Comparing India and China is to embark on an old puzzle that has fascinated smart people for centuries. The newer question of economic leadership, however—"Which country will overtake the other in the foreseeable future?" —is an urgent and important one, according to a provocative article in the July-August issue of Foreign Policy magazine.
It is urgent and important because China and India are the world's next major powers, according to the writers, Yasheng Huang, formerly of Harvard Business School and now a professor at M.I.T. Sloan School of Management, and Tarun Khanna, a professor of strategy at HBS. It is also important because the two countries have embraced very different models of development.
The biggest source of worry is the state of China's banking sector, which is technically insolvent.
—Yasheng Huang and Tarun Khanna
The reasons they have done so are complex but, in general, China has discouraged or actively undermined local entrepreneurship in favor of an foreign direct investment-dependent approach, they say. India, on the other hand, is building an infrastructure—however slowly—that allows entrepreneurship and free enterprise to thrive. By making fuller use of its resources, India's long-term outlook may be far stronger, they suggest. Macroeconomic statistics cited by Huang and Khanna show China clearly in the lead. "But," the authors wonder in Foreign Policy, "the real issue isn't where China and India are today, but where they will be tomorrow."
How these two models play out has great significance not just for Asia but also for other parts of the world that want to benefit from their lessons and avoid their mistakes.
Huang and Khanna recently collaborated on an e-mail interview with HBS Working Knowledge to discuss their Foreign Policy article, "Can India Overtake China?"

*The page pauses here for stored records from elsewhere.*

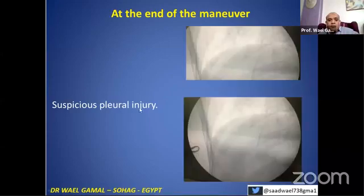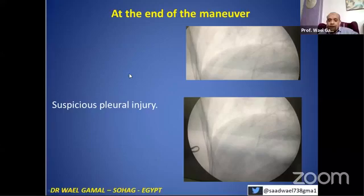If there is a suspicious pleural injury, you can intraoperatively — under fluoroscopy — ensure that the costophrenic angle is free.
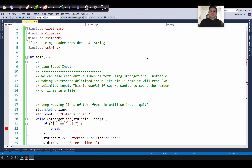In today's video, we will see how to read line-based inputs in C++. So far, we have seen how to read whitespace-delimited inputs using std::cin. Now, let's see how to read an entire line of string using std::getline.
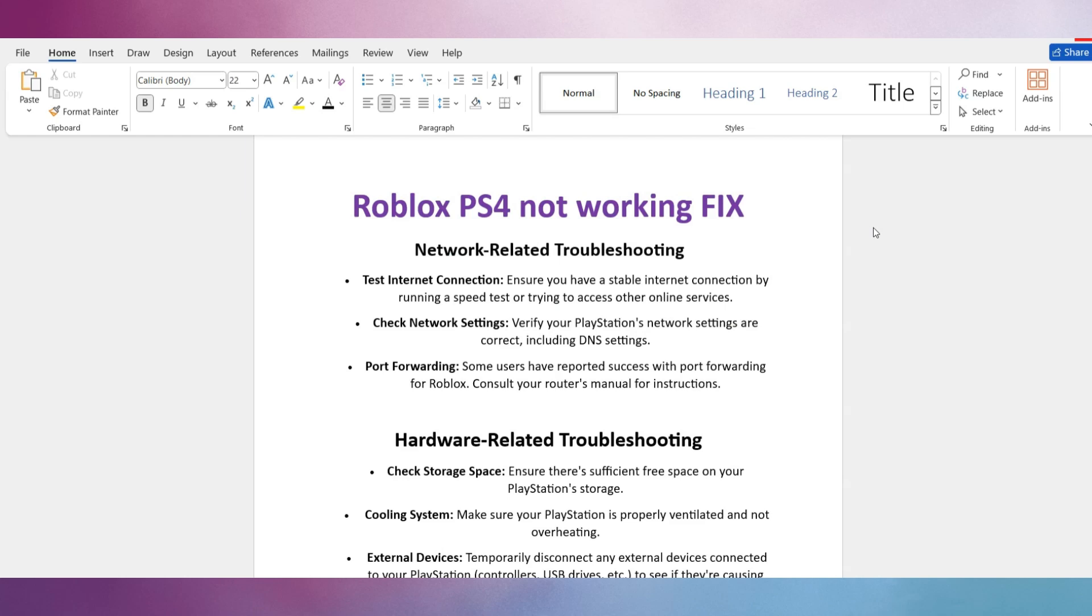In this video, I am going to show you how to fix Roblox not working on PS4. For this, you need to follow these steps. Firstly, we will see network-related troubleshooting.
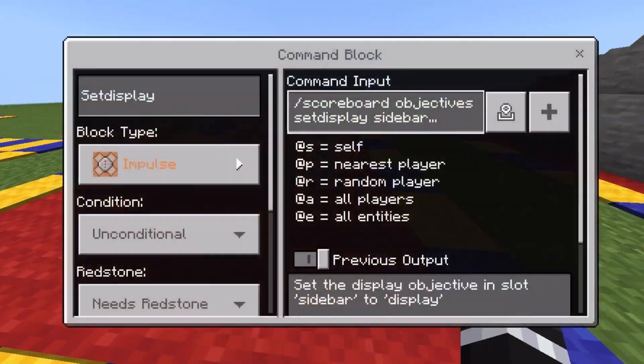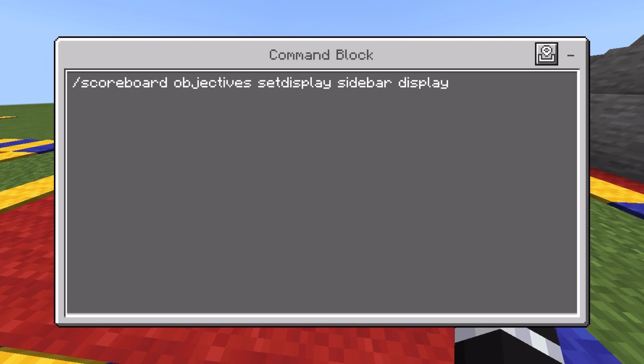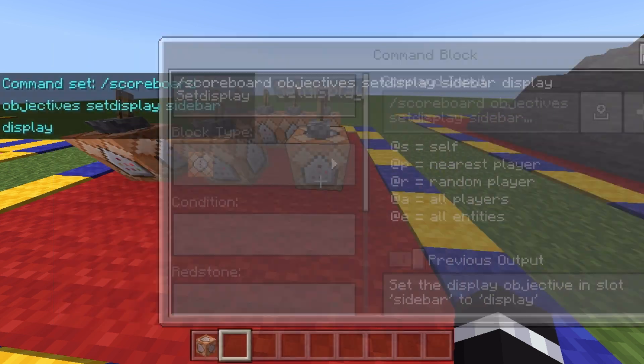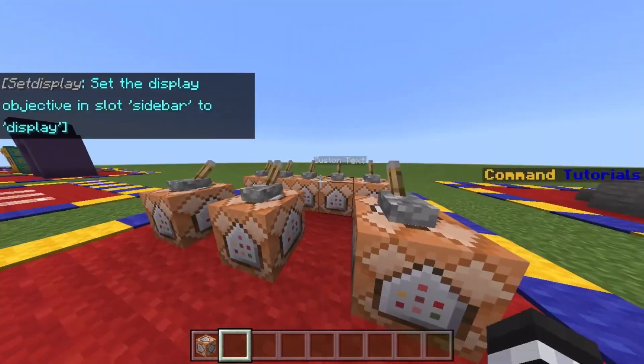Now we can go ahead and set display the sidebar. You're going to type the command slash scoreboard, objectives, setdisplay, sidebar, display. This is going to put your title on the side of your screen so you can see it. If you pull the lever, the title should pop up on the side of your screen.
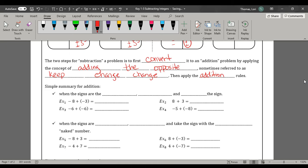Let's go over our addition rules, because if we don't have our addition rules mastered, we're not going to be able to master subtraction. When the signs are the same, we're going to add the two digits and apply the sign. So if we have two negatives and we're adding, we get negative 11. If we're adding two positives, we get positive 11. Here we have two negatives adding, so we have 12 negatives altogether. And negative 5 plus negative 8 gives us negative 13.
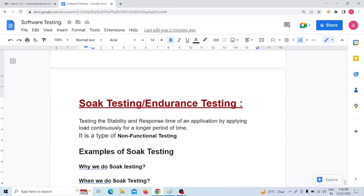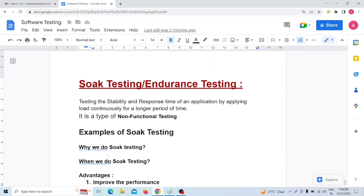So now, I think you have a clear understanding of soak testing with real examples. This covers the total concept. If you have any doubts, please comment below. If you like our video, please like, share, and subscribe to our channel. Click on the bell icon to get updates on testing-related videos. Thank you, see you in the next video!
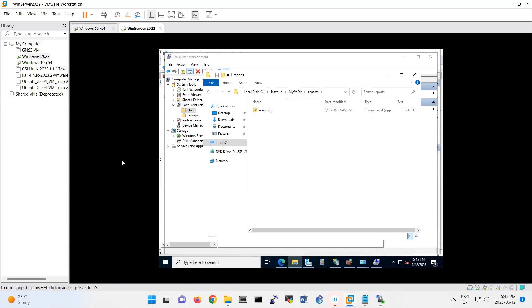So FTP basically is file transfer protocol. But nowadays we are using SSH and SFTP, which is more secure than FTP. And that's it for the FTP and IIS lab.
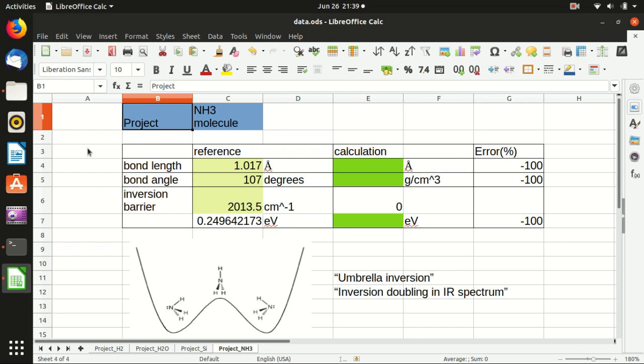Hello everyone, welcome back to my channel. In this video I will show you some calculation on ammonia molecule.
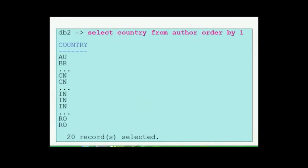Here is a query which lists down the country the authors belong to: SELECT country FROM author ORDER BY 1. There are about 20 authors from different countries and some of them come from the same country as others. When we list them down there are duplicates. At the moment all we need to know is the country from where the authors come from, and having duplicate values really does not make any sense.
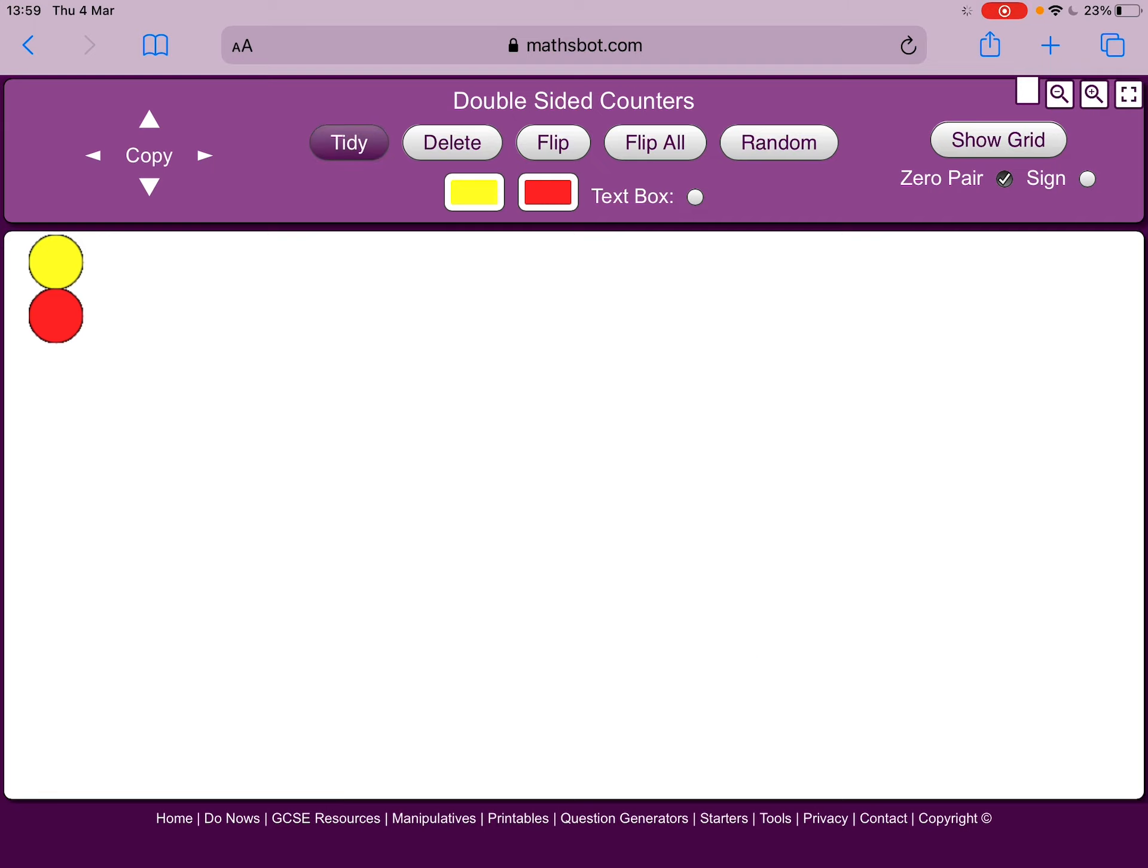Right, I'm going to do one more example. This time we're going to have a quarter of 20. So how many counters am I going to need? 20.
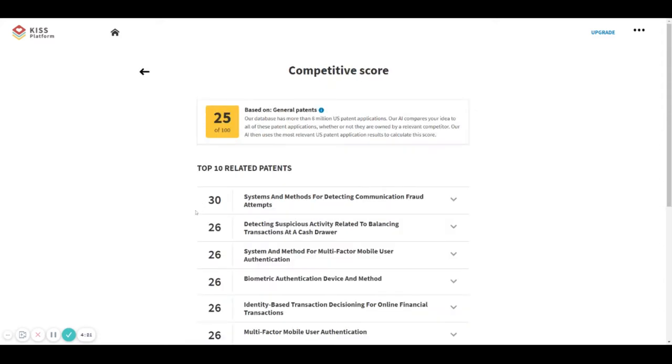isearch.ai has a database with more than 6 million US patent applications. Some people have asked us why we use US patents.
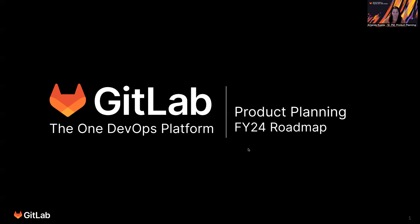Hello, everybody. I'm Amanda Rueda. I am the Senior Product Manager with Product Planning here at GitLab. And I want to walk you through our fiscal year 24 roadmap for the product planning group.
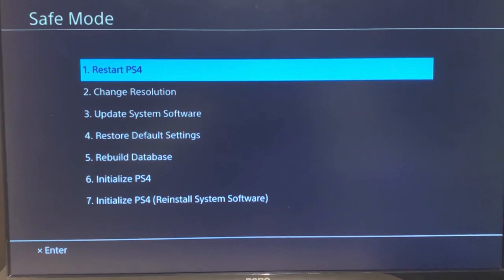The first thing I will recommend you guys to do is update system software. If you're not on the latest version make sure you guys go ahead and update it. If that doesn't work then you can try the restore default settings which is number four.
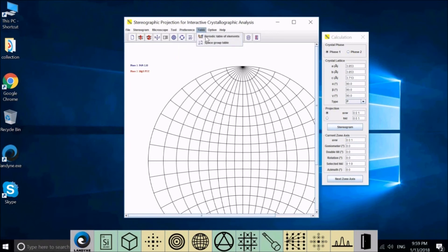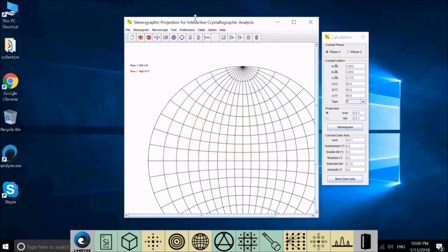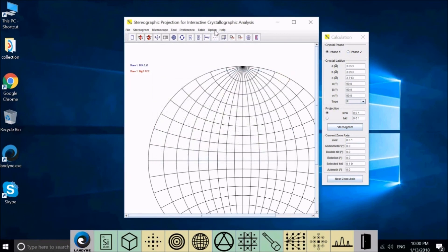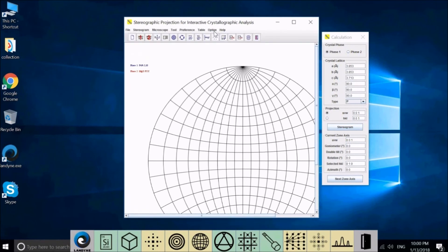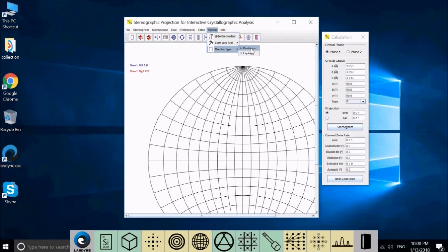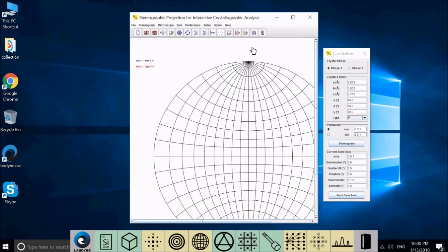In Table, we have a periodic table of the elements and we also have the table for space groups. In Options, you can hide or show the toolbar, and you can change the look and feel of the window. You have three choices here. And you can also change the monitor size for desktop or laptop.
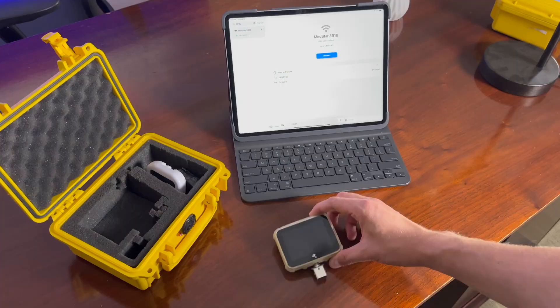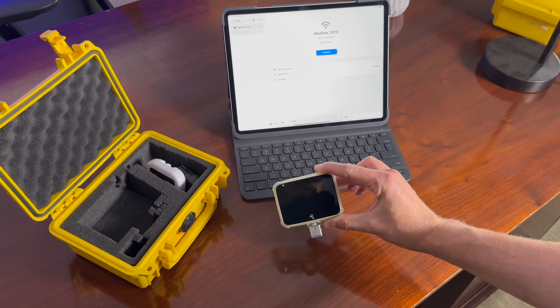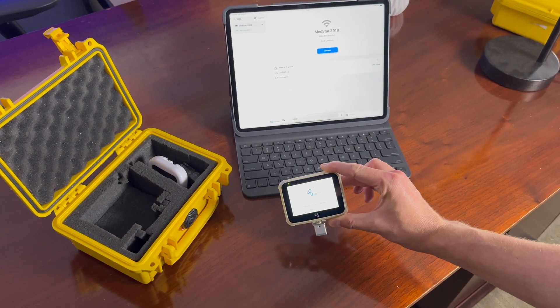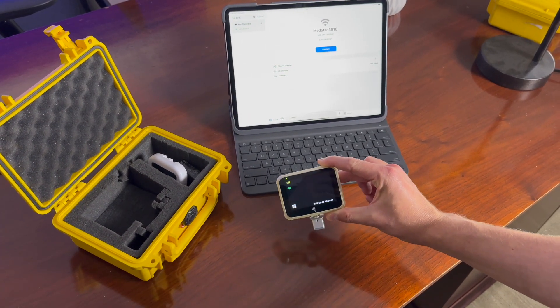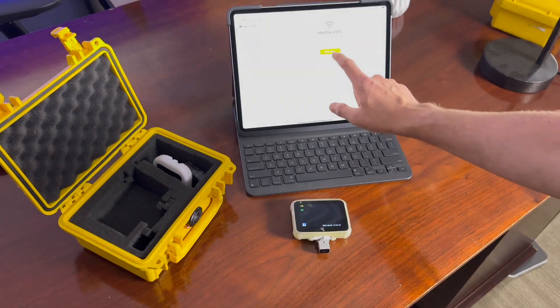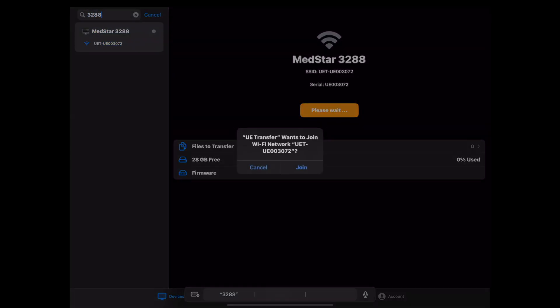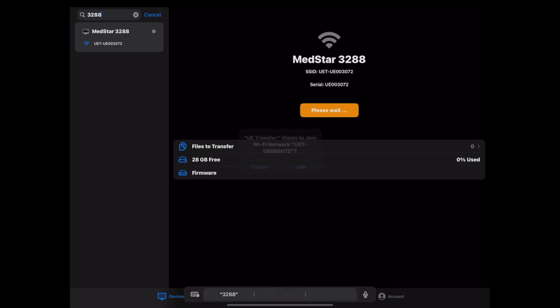Next, make sure the UE device is powered on and click connect to begin connecting to your UE Scope device. You will typically be asked a couple of Apple iOS security pop-up questions which you will respond with join or allow.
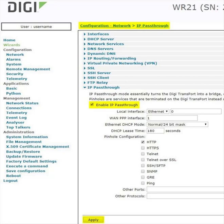The only exception is if the mobile IP ends in a 1. In this case, the default gateway of the Ethernet attached device would be .2.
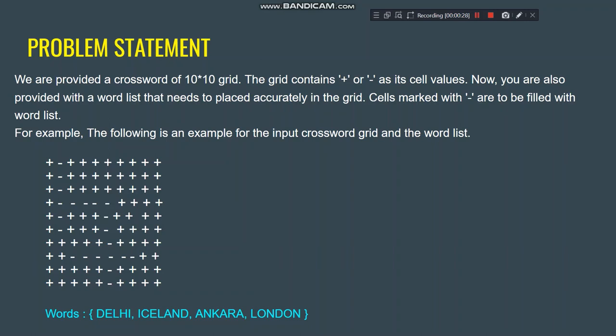Let's talk about the problem statement of our algorithm. We are provided with a crossword of 10 by 10 grid. This number 10 can change — we can take any variable n by n grid. The grid contains plus or minus as cell values, and we are provided a word list that needs to be placed accurately in the grid.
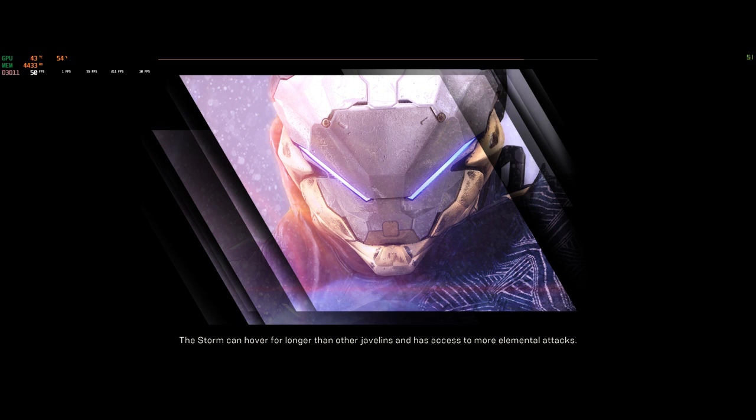Alright, so a lot of people are having issues when they go down to play Anthem. One of the biggest issues that they're having is the CPU and GPU consumption. Now in my case I got a nice 7700K CPU processor.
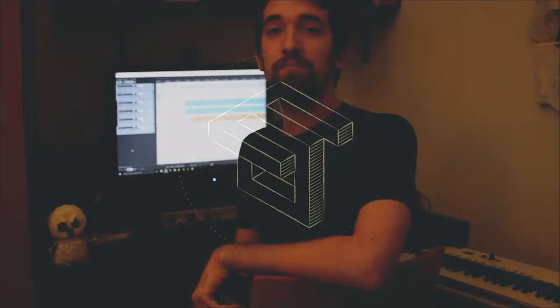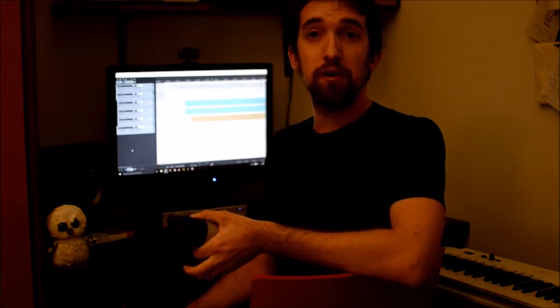Hi everybody, I'm Matteo Ferrari and in this video I'd like to talk in general about microphones.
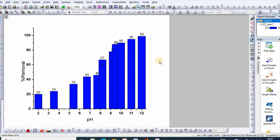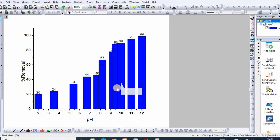In this preview, I will show you how to increase or decrease spacing between bars in Origin plot. So in order to do that, I have already plotted a bar graph.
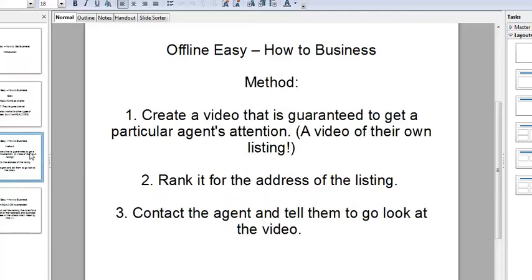Here's the method in a nutshell: we're going to create a video that's guaranteed to get a particular agent's attention. What would be guaranteed to get their attention? A video of their own listing. You don't have to live in the city that the listing is in — we do this all online, and I'll show you step-by-step exactly how to do it.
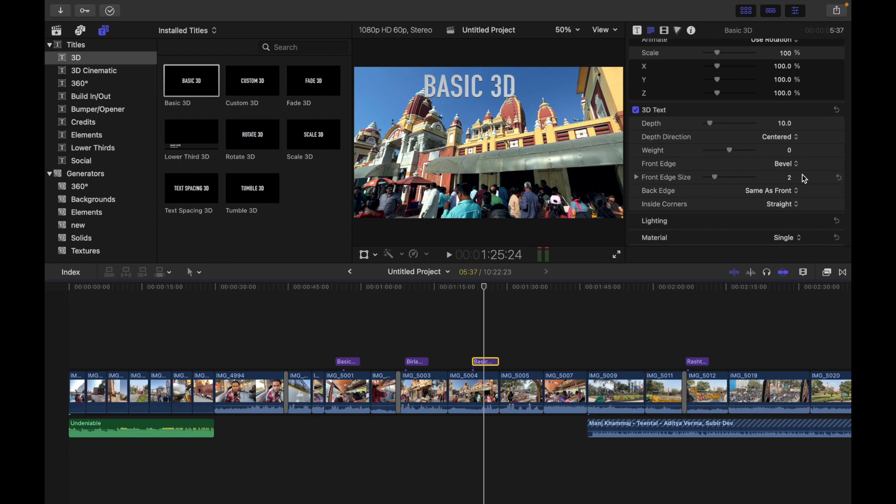Now you can drag the front edge size slider to left to make the edge smaller or right to make it bigger. So I can do that.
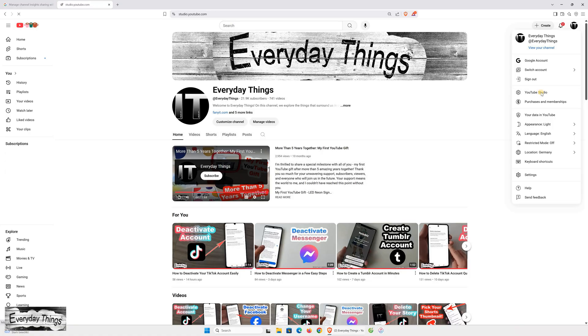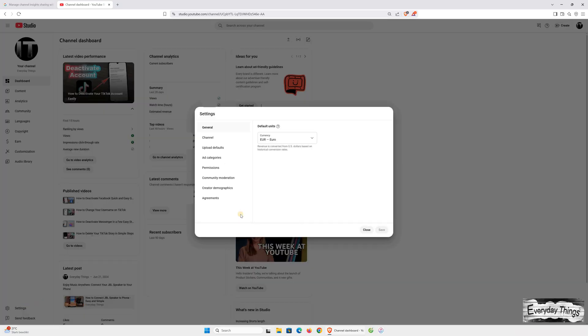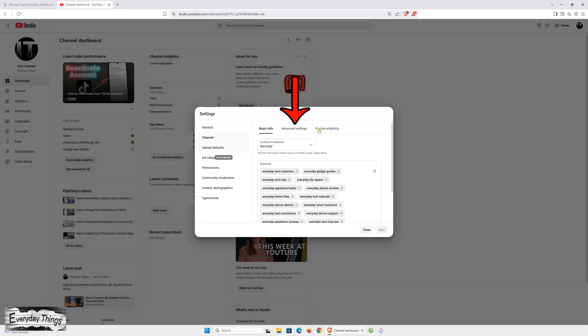Go ahead and open YouTube Studio on your desktop. In the bottom left corner, click on Settings. Then click on Channel. From there, go to the Advanced Settings tab.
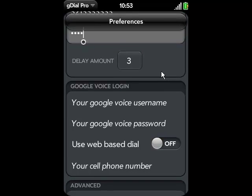If you don't have a Google Voice account, you can go to google.com/voice and get one. There are also some online vendors that sell Google Voice accounts, like eBay.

Lagace: "China and India are the world's next major powers," you both write. "They also offer competing models of development." What are the most important differences you see in the ways China and India are evolving?
Yasheng Huang and Tarun Khanna: In terms of similarities, both are conscious of their role in the world economy. Both seek to play a bigger political role on the world stage. China is already doing that as a permanent member of the U.N. Security Council. The differences include the fact that China is taking tangible but slow steps towards embracing private entrepreneurship, a big departure from the past. India is continuing to struggle with making things easier for multinationals. So the differences are arguably narrowing; but our view is that the first-order effect of all this is still "a big difference."
Q: As you think about the future of both countries, what are your main concerns or worries, given these two different models?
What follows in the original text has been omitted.